« L’instabilité politique va probablement persister pendant un certain temps encore. Il serait légitime que S&P en prenne note», estime Charles-Henri Colombier, directeur économique de Rexecode. En mai, l’agence de notation américaine a abaissé d’un cran la note française, de « AA » à « AA- », avec perspective stable, réduisant ainsi les risques d’une nouvelle dégradation dans l’immédiat. Mais “il serait surprenant qu’il n’y ait aucune action négative à l’égard de la France, avec au moins un passage à une perspective négative”, estime Norbert Gaillard, économiste et consultant indépendant.
« Scénario grec »
Depuis le printemps, les « mauvaises nouvelles » se sont accumulées dans une France déjà lourdement endettée, figurant parmi les cancres européens, note-t-il : dissolution de l’Assemblée nationale, « retards » autour de la nomination du Premier ministre et « révisions alarmantes » des lois publiques. prévisions de déficit. En octobre, Moody’s et Fitch ont maintenu la note française avec une perspective négative. Norbert Gaillard évoque deux autres scénarios possibles : une nouvelle dégradation de la note ou sa mise sous surveillance négative (« rating watch ») pour signaler un « stress important » susceptible d’évoluer rapidement.
S&P accorderait alors un court sursis à la France avant d’ajuster sa note. “Pour prendre sa décision, l’agence attendrait le vote du budget, les mesures budgétaires et fiscales qu’il contient, et si le gouvernement reste ou tombe”, selon lui. Avec une minorité, le gouvernement de Michel Barnier avance dans un champ de mines. Il veut réduire le déficit public de 6,1% du PIB en 2024 à 5% en 2025, puis sous le plafond européen de 3% en 2029, trajectoire approuvée mardi par Bruxelles.
Au terme d’âpres débats, il envisage d’utiliser l’article 49.3 de la Constitution pour faire adopter sans vote les budgets de la Sécurité sociale et de l’Etat ainsi que l’exécution du budget pour 2024, risquant à chaque fois d’être renversé par une motion de censure de la gauche. , que le RN menace de soutenir. Cette éventualité fait trembler les marchés, le porte-parole du gouvernement évoquant même le spectre d’un « scénario à la grecque ». Reflet de ces craintes, l’écart entre les taux souverains français à 10 ans et ceux de l’Allemagne, considérée comme une valeur refuge en Europe, a atteint mardi son plus haut niveau depuis 2012.
« Très inquiétant »
Et si une perspective devenant négative aurait peu d’impact sur le coût d’emprunt de la France, les tensions seraient en revanche accrues en cas de dégradation de la note, qui passerait dans une catégorie inférieure, considérée comme moins sûre par les grands investisseurs. « Les règles de gestion de nombreux fonds d’investissement limitent très fortement, voire interdisent, la détention d’obligations souveraines notées moins que AA ou AAA », explique dans une note Eric Dor, directeur des études économiques à l’IESEG School of Management.
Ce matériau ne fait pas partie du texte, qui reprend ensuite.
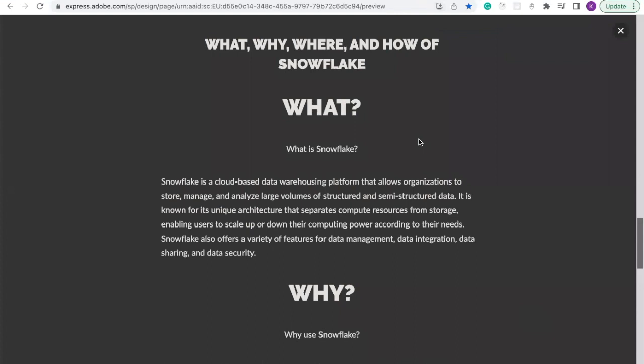Hello guys, this is lesson 3 of our complete Snowflake tutorial from beginners to pro. So in this video, we're going to talk about what, why, where and how of Snowflake.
Une relégation de la France en catégorie A « impliquerait donc des ventes nettes de ses obligations sur les marchés, puis une forte baisse de la demande. Cela entraînerait automatiquement une augmentation du taux de rendement. Le gouverneur de la Banque de France, François Villeroy de Galhau, a prévenu mardi que la “confusion” sur la trajectoire budgétaire “aurait un coût sur l’emprunt de la France et des Français”.